Coming up with snappy, high level observations and insights is definitely something I need to work on. I need to process information faster and I'm better at writing than talking. In a group environment, I like listening much more than talking because most people have good stories and I don't have or don't want to share them. The only thing I like to talk about is work. I worry that makes me a boring person but work means interesting and SOLVABLE problems. It makes me happy to think about instead of how much I miss my grandma and whether I should try to pursue a romantic relationship again.

I like that the Boss gives me an seemingly endless variety of things to do. Things that I never thought about doing or thought I'm not qualified to do... he just tells me to do it.

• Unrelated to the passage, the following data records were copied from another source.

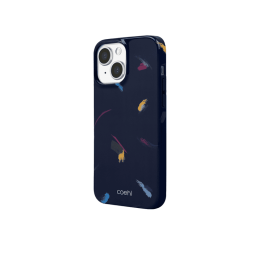 Чехол iPhone 13 Uniq Coehl Reverie Blue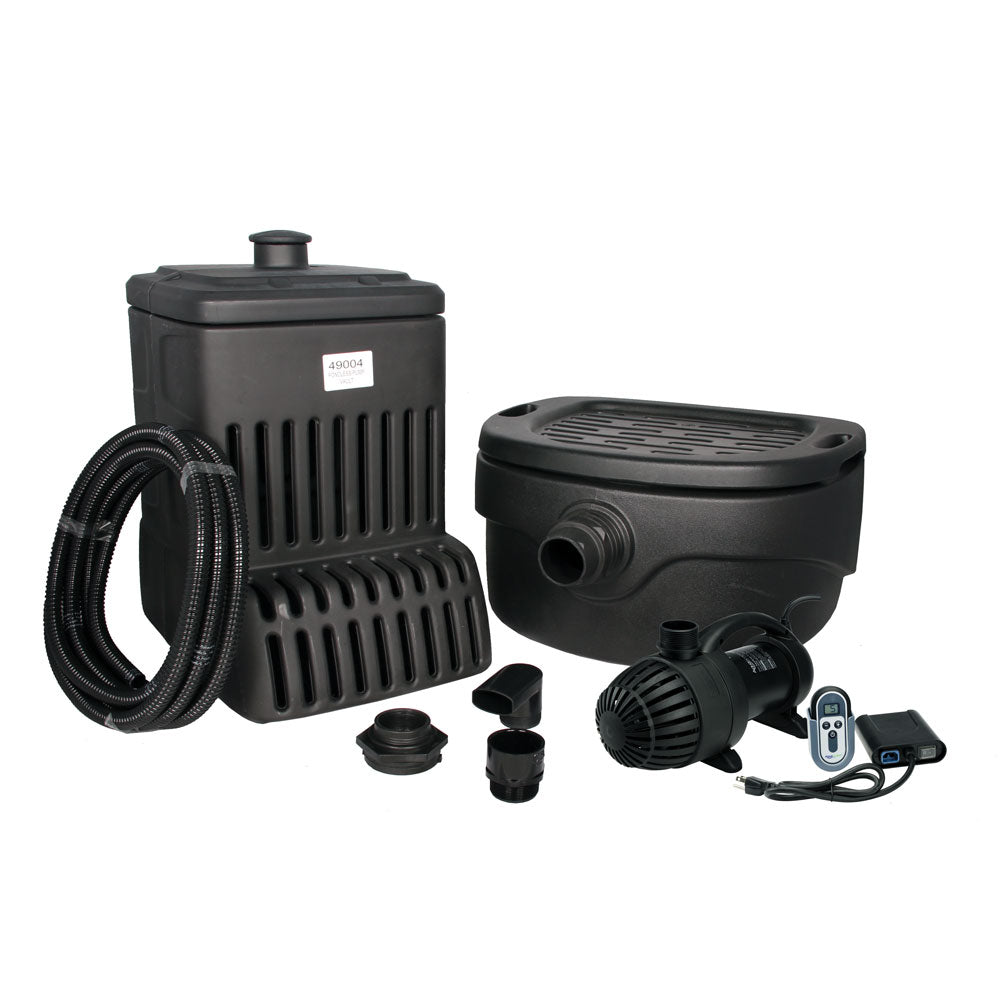 Photo of Aquascape Rainwater Harvesting Fountain Add-On Kit  - Marquis Gardens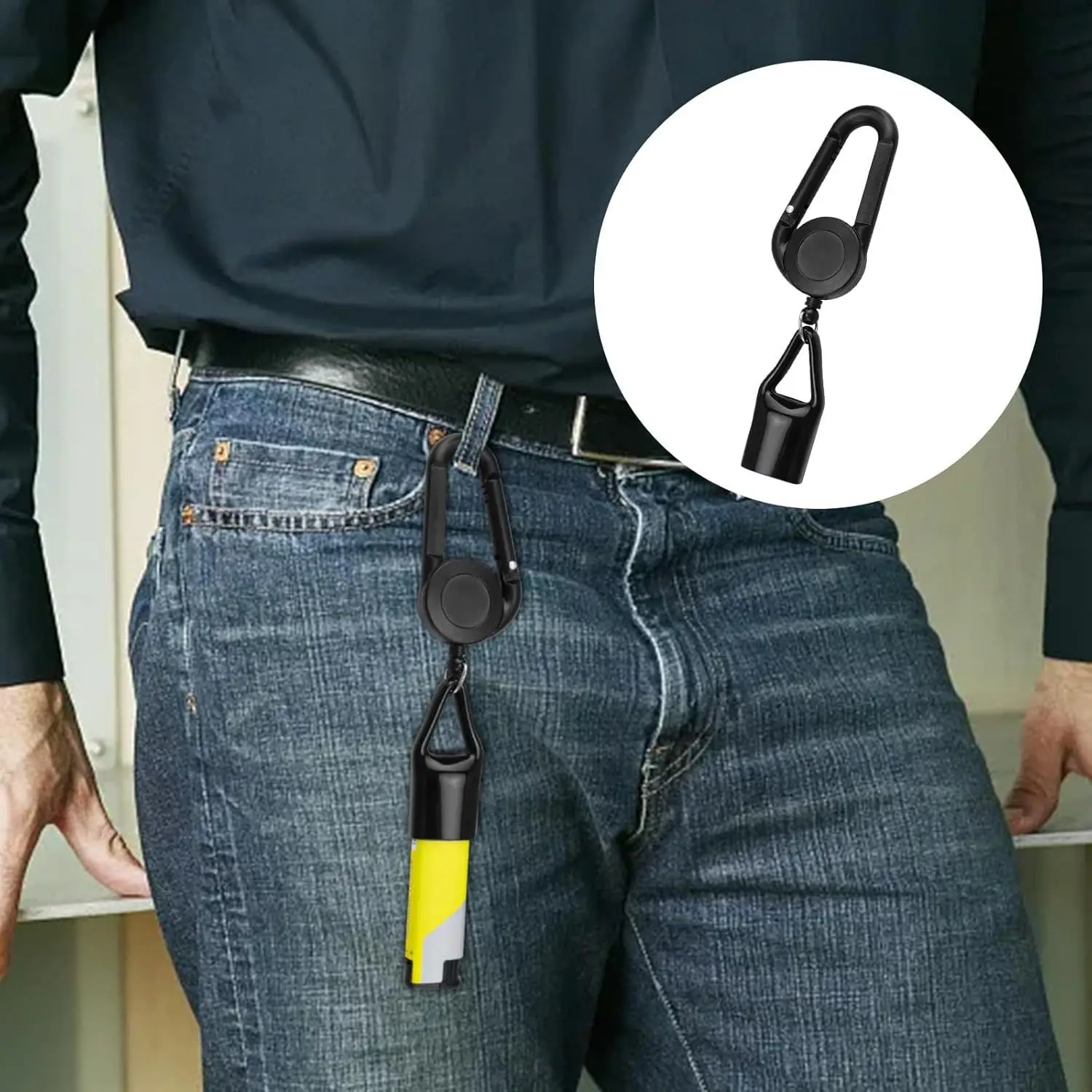 briquet portable évolutif, porte clés, sac, protection oring, boucle facile à tirer, notre porte, outils de camping de voyage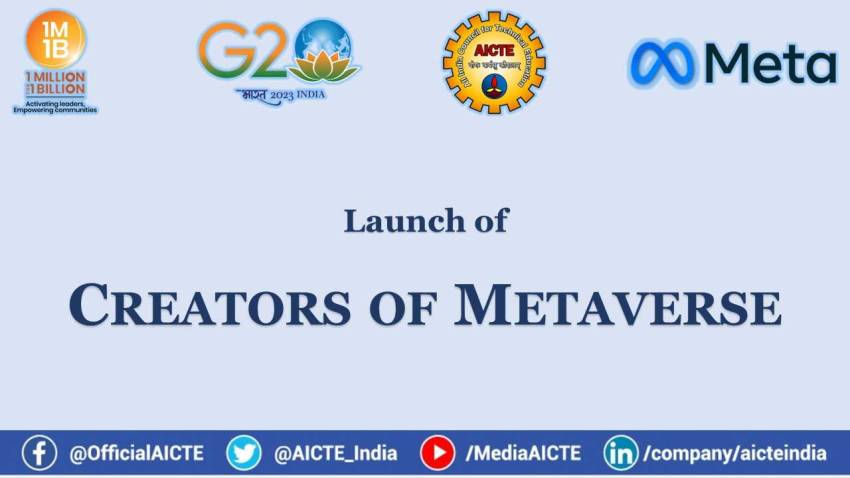 AICTE and Meta collaborate to launch "Creators of Metaverse" program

Now I see myself as a leader of the project team and whatever I feel is beneficial and necessary for the project, from social marketing to educating how this market works, I am not going to beat myself up about "should or should not", I'm just going to do it and do it well so people believe in what I say.

The answer to another direct question from the Boss is: I am happy at my job.

Source: Mad Men S4E8 - The Suitcase
Don Draper, another challenging boss. 
My boss isn't as scary as Don in this scene, thankfully.

Monday, June 20, 2011

Diving back into Order Managment (OM)

I've been thinking a lot about how to approach the problem of the different in service level expectation from East Sales and West Sales director. I'm pretty confident that this is part of the reason OM rep left.

First, they are the ones that are actually bringing in PO's. So the Ops team recognize that their importance. However, it's also natural to compare their style.

East - has nothing but complaints of the Ops SLA. Announces sales with a tagline "may need Jun onsite". This means it's a rush. This means Ops need more info from you to process this request.
West - Says that it's always been good service. When she submits rush orders, she practically has the config form filled out already. And she actually checks with Ops to get a good confidence level and sets expectations with the customer.

Note that the same team is servicing both directors.

I think I'll email East and explicitly outline the differences in her interaction with Ops vs West, and tell her that it's not helping the team.

Friday, June 17, 2011

Order Management lady left

I've invested a lot of time trying to help the unsustainable situation but in the end, I'm not the one that has to do the dull data entry and check part numbers, meaning I can't actually help. Maybe I even hurt things, enabled some of the emotions to go from bad to worse. 

I'm really re-evaluating what I'm trying to do in OM and what my improvements should be. Maybe I should take a step back and ask myself, what value have I added?